[FFmpeg-devel] [PATCH] Support for reducing from 5.1 and 4.0audio to stereo audio

Axel Holzinger aholzinger
Wed Oct 31 21:18:46 CET 2007


Rich Felker wrote:
> On Wed, Oct 31, 2007 at 04:38:57PM +0100, Axel Holzinger wrote:
> > > > +static void quad_to_stereo(short *output, short 
> *input, int n) {
> > > > +    int i;
> > > > +    for(i=0; i<n; i++) {
> > > > +        output[0] = (input[0] + input[2]) >> 1;
> > > > +        output[1] = (input[1] + input[3]) >> 1;
> > > >   
> > > 
> > > shouldn't it be /2 instead of >>1 ?
> > 
> > It's ints, what is the difference?
> 
> The difference is what happens to negative values. However, I 
> think rounding in the consistent direction (towards -?) is 
> better than rounding towards 0. The latter could create 
> artifacts; the former will only create DC bias which is inaudible.

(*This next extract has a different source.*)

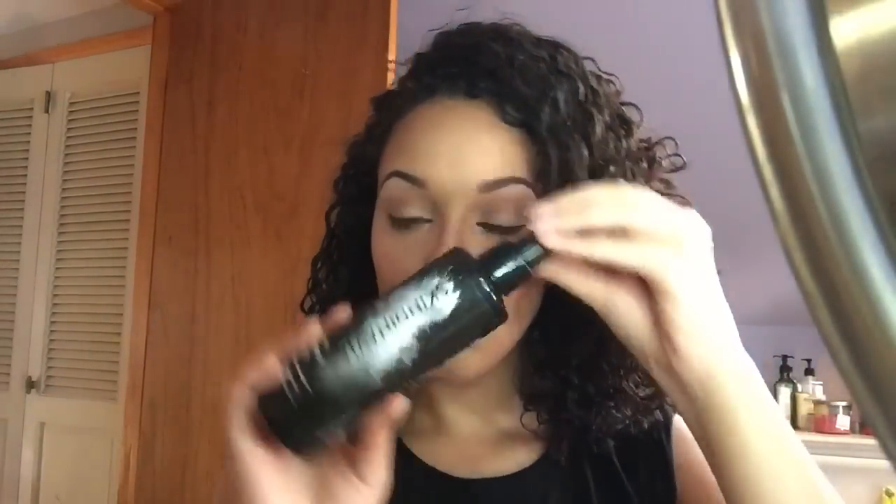As always I am finishing up my face with the Skindinavia Makeup Finishing Spray just to make sure my makeup lasts for the day. This is my completed look, guys. Please give it a thumbs up if you enjoyed it and subscribe to my channel if you haven't. See you later!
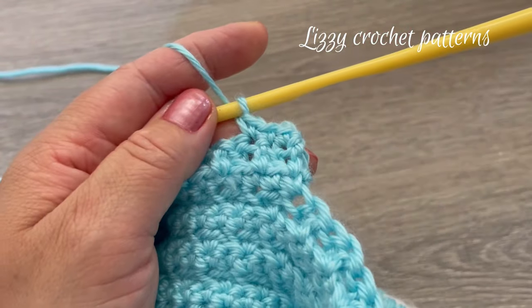Front post and back post double crochet alternating — when you are done, make one slip stitch on top of the first stitch made and cut the yarn.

Shifting right is perfectly right (if you want to divide by 2). There is no -? with shorts. The most negative number has the same (okay not exactly, off by one) energy as the most positive value. If you want to reduce energy (and that's what he had in mind I guess) shifting right is perfect.

But I recommend to just clip, meanig check, if the value is smaller than SHORT_MIN tie it to SHORT_MIN and if it's greater than SHORT_MAX tie it to SHORT_MAX.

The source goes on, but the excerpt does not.